Working data section start

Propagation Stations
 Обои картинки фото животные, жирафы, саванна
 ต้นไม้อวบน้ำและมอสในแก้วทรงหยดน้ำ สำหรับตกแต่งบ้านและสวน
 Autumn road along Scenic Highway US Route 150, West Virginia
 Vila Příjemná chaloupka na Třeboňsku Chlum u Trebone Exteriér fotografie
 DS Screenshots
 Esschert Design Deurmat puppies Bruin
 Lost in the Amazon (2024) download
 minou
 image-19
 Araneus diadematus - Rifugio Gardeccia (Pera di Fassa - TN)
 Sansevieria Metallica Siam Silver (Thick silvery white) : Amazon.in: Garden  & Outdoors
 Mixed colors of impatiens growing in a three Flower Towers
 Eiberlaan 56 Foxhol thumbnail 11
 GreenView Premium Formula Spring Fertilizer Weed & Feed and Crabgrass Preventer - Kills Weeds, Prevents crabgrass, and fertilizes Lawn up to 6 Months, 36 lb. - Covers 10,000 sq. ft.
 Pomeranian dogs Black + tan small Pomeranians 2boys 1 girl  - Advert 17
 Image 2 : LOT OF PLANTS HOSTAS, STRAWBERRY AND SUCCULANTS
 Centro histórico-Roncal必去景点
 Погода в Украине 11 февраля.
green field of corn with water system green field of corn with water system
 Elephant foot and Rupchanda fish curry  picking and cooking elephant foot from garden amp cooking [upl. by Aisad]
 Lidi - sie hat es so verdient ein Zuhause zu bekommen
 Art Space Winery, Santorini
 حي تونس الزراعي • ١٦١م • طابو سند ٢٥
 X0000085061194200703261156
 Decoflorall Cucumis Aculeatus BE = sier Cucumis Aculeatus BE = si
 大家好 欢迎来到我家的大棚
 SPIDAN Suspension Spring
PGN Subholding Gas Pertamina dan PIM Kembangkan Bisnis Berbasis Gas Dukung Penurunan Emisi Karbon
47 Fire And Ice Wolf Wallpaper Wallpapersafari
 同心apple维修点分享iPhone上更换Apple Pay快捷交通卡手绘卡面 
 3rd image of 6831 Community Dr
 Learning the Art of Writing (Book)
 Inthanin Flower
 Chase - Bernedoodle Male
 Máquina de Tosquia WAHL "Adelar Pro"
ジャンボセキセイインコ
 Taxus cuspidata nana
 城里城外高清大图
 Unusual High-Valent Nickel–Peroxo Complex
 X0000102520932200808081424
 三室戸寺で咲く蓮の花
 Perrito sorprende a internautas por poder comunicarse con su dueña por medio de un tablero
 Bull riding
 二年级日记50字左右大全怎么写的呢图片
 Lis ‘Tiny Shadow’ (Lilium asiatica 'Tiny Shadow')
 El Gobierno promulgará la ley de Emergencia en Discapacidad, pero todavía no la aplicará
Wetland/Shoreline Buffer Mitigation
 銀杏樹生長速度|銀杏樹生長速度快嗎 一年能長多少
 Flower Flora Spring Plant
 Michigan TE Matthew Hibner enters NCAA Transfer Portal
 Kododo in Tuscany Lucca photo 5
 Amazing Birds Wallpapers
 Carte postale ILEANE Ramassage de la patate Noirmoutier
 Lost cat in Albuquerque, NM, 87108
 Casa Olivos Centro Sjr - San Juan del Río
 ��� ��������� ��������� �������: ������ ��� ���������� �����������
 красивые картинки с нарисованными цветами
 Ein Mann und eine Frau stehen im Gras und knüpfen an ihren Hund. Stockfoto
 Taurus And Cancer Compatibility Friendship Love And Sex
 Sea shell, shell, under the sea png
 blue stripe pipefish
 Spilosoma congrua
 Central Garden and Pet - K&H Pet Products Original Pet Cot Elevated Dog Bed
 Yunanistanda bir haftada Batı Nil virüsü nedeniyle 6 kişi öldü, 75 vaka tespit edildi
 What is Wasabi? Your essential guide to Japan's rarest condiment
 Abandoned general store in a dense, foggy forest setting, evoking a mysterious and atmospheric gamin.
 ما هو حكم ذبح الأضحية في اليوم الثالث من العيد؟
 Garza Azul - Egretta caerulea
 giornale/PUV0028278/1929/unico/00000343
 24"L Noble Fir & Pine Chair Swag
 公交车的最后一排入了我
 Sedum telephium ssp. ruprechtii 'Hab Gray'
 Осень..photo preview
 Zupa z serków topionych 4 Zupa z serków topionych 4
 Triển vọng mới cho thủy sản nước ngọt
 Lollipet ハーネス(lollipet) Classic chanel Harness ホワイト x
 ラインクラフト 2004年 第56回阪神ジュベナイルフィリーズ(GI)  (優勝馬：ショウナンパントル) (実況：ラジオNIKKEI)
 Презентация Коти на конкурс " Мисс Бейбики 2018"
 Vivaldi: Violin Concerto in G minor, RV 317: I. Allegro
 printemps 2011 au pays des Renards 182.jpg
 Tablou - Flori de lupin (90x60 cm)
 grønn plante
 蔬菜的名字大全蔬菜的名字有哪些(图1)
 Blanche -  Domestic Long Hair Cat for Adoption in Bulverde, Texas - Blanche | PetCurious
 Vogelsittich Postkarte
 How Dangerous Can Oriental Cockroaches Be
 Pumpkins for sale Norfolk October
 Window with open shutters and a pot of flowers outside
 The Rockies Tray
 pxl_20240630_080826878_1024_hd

Working data section end

Every entry is to be printed exactly as given.

# [The completed task]
Propagation Stations
 Обои картинки фото животные, жирафы, саванна
 ต้นไม้อวบน้ำและมอสในแก้วทรงหยดน้ำ สำหรับตกแต่งบ้านและสวน
 Autumn road along Scenic Highway US Route 150, West Virginia
 Vila Příjemná chaloupka na Třeboňsku Chlum u Trebone Exteriér fotografie
 DS Screenshots
 Esschert Design Deurmat puppies Bruin
 Lost in the Amazon (2024) download
 minou
 image-19
 Araneus diadematus - Rifugio Gardeccia (Pera di Fassa - TN)
 Sansevieria Metallica Siam Silver (Thick silvery white) : Amazon.in: Garden  & Outdoors
 Mixed colors of impatiens growing in a three Flower Towers
 Eiberlaan 56 Foxhol thumbnail 11
 GreenView Premium Formula Spring Fertilizer Weed & Feed and Crabgrass Preventer - Kills Weeds, Prevents crabgrass, and fertilizes Lawn up to 6 Months, 36 lb. - Covers 10,000 sq. ft.
 Pomeranian dogs Black + tan small Pomeranians 2boys 1 girl  - Advert 17
 Image 2 : LOT OF PLANTS HOSTAS, STRAWBERRY AND SUCCULANTS
 Centro histórico-Roncal必去景点
 Погода в Украине 11 февраля.
green field of corn with water system green field of corn with water system
 Elephant foot and Rupchanda fish curry  picking and cooking elephant foot from garden amp cooking [upl. by Aisad]
 Lidi - sie hat es so verdient ein Zuhause zu bekommen
 Art Space Winery, Santorini
 حي تونس الزراعي • ١٦١م • طابو سند ٢٥
 X0000085061194200703261156
 Decoflorall Cucumis Aculeatus BE = sier Cucumis Aculeatus BE = si
 大家好 欢迎来到我家的大棚
 SPIDAN Suspension Spring
PGN Subholding Gas Pertamina dan PIM Kembangkan Bisnis Berbasis Gas Dukung Penurunan Emisi Karbon
47 Fire And Ice Wolf Wallpaper Wallpapersafari
 同心apple维修点分享iPhone上更换Apple Pay快捷交通卡手绘卡面 
 3rd image of 6831 Community Dr
 Learning the Art of Writing (Book)
 Inthanin Flower
 Chase - Bernedoodle Male
 Máquina de Tosquia WAHL "Adelar Pro"
ジャンボセキセイインコ
 Taxus cuspidata nana
 城里城外高清大图
 Unusual High-Valent Nickel–Peroxo Complex
 X0000102520932200808081424
 三室戸寺で咲く蓮の花
 Perrito sorprende a internautas por poder comunicarse con su dueña por medio de un tablero
 Bull riding
 二年级日记50字左右大全怎么写的呢图片
 Lis ‘Tiny Shadow’ (Lilium asiatica 'Tiny Shadow')
 El Gobierno promulgará la ley de Emergencia en Discapacidad, pero todavía no la aplicará
Wetland/Shoreline Buffer Mitigation
 銀杏樹生長速度|銀杏樹生長速度快嗎 一年能長多少
 Flower Flora Spring Plant
 Michigan TE Matthew Hibner enters NCAA Transfer Portal
 Kododo in Tuscany Lucca photo 5
 Amazing Birds Wallpapers
 Carte postale ILEANE Ramassage de la patate Noirmoutier
 Lost cat in Albuquerque, NM, 87108
 Casa Olivos Centro Sjr - San Juan del Río
 ��� ��������� ��������� �������: ������ ��� ���������� �����������
 красивые картинки с нарисованными цветами
 Ein Mann und eine Frau stehen im Gras und knüpfen an ihren Hund. Stockfoto
 Taurus And Cancer Compatibility Friendship Love And Sex
 Sea shell, shell, under the sea png
 blue stripe pipefish
 Spilosoma congrua
 Central Garden and Pet - K&H Pet Products Original Pet Cot Elevated Dog Bed
 Yunanistanda bir haftada Batı Nil virüsü nedeniyle 6 kişi öldü, 75 vaka tespit edildi
 What is Wasabi? Your essential guide to Japan's rarest condiment
 Abandoned general store in a dense, foggy forest setting, evoking a mysterious and atmospheric gamin.
 ما هو حكم ذبح الأضحية في اليوم الثالث من العيد؟
 Garza Azul - Egretta caerulea
 giornale/PUV0028278/1929/unico/00000343
 24"L Noble Fir & Pine Chair Swag
 公交车的最后一排入了我
 Sedum telephium ssp. ruprechtii 'Hab Gray'
 Осень..photo preview
 Zupa z serków topionych 4 Zupa z serków topionych 4
 Triển vọng mới cho thủy sản nước ngọt
 Lollipet ハーネス(lollipet) Classic chanel Harness ホワイト x
 ラインクラフト 2004年 第56回阪神ジュベナイルフィリーズ(GI)  (優勝馬：ショウナンパントル) (実況：ラジオNIKKEI)
 Презентация Коти на конкурс " Мисс Бейбики 2018"
 Vivaldi: Violin Concerto in G minor, RV 317: I. Allegro
 printemps 2011 au pays des Renards 182.jpg
 Tablou - Flori de lupin (90x60 cm)
 grønn plante
 蔬菜的名字大全蔬菜的名字有哪些(图1)
 Blanche -  Domestic Long Hair Cat for Adoption in Bulverde, Texas - Blanche | PetCurious
 Vogelsittich Postkarte
 How Dangerous Can Oriental Cockroaches Be
 Pumpkins for sale Norfolk October
 Window with open shutters and a pot of flowers outside
 The Rockies Tray
 pxl_20240630_080826878_1024_hd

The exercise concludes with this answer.